Henry Chinaski reviews Happy Place by Emily Henry
Happy Place by Emily Henry
Alright, listen up you sorry bastards. This “Happy Place” book? What a load of crap. It’s about some broad named Harriet - a doctor, can you believe it? - and her ex Wyn. Yeah, Wyn. Sounds like a dog’s name if you ask me.
These two idiots are playing house at some fancy cottage in Maine, pretending they’re not still hot for each other. Christ, just fuck and get it over with already.
The whole time they’re moaning about “finding themselves” and what makes ’em happy. You wanna know what happiness is? A bottle of cheap whiskey and forgetting your own name. But these schmucks wouldn’t know that if it bit ’em in the ass.
The author’s got a knack for writing about rich people problems, I’ll give her that. All these characters bitching about their cushy jobs and love lives. Meanwhile, I’m busting my hump at the post office, dealing with morons all day. That’s real life, ya hear?
And don’t get me started on all the crying. Every other page, someone’s bawling their eyes out over some bullshit epiphany. Makes me wanna reach through the pages and slap some sense into ’em.

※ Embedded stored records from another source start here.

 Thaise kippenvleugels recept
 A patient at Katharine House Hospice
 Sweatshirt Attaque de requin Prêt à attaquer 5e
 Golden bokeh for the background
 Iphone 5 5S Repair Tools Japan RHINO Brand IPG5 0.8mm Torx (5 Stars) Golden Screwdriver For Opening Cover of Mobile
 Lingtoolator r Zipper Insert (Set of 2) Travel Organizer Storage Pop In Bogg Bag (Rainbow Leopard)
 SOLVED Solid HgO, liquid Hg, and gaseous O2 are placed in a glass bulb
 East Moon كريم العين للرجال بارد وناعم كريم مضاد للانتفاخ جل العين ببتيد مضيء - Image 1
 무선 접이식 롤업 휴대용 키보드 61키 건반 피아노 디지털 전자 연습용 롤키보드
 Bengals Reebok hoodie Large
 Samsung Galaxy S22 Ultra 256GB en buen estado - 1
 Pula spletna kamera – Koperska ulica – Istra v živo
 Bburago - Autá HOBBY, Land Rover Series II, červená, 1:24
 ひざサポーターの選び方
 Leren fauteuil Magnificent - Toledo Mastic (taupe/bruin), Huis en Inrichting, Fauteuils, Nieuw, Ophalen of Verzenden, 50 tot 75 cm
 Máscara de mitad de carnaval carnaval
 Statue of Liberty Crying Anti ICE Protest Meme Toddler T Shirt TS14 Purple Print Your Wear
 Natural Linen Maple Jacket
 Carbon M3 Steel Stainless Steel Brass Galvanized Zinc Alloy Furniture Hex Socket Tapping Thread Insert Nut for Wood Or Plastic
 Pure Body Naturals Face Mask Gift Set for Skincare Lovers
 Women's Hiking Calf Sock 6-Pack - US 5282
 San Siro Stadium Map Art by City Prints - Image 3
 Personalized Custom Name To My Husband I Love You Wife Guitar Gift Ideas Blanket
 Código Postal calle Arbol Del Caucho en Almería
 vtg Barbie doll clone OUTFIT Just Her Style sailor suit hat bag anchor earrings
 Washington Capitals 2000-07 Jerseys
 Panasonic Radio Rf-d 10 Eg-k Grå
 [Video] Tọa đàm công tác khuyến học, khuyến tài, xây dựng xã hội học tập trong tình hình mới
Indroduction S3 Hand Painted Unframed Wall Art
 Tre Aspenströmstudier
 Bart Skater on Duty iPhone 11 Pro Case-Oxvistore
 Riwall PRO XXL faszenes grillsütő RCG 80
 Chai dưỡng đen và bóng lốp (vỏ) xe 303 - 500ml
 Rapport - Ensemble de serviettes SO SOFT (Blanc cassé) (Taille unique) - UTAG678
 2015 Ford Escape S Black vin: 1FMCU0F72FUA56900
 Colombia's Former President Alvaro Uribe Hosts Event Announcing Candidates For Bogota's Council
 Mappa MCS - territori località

The food descriptions pissed me off too. These people eat like kings while I’m living off canned beans and bottom-shelf booze. It’s enough to make a man sick.
In the end, everyone gets their happy ending. How fucking convenient. Real life ain’t like that, let me tell you. But I guess that’s why people read this garbage - to escape. Well, I’ve got news for ya: there’s no escaping. So you might as well face reality head-on, preferably with a bottle in hand.
Now, if you’ll excuse me, I’ve got a date with Jim Beam and whatever broad’s desperate enough to take me home tonight. That’s my happy place, and I don’t need no fancy book to tell me otherwise.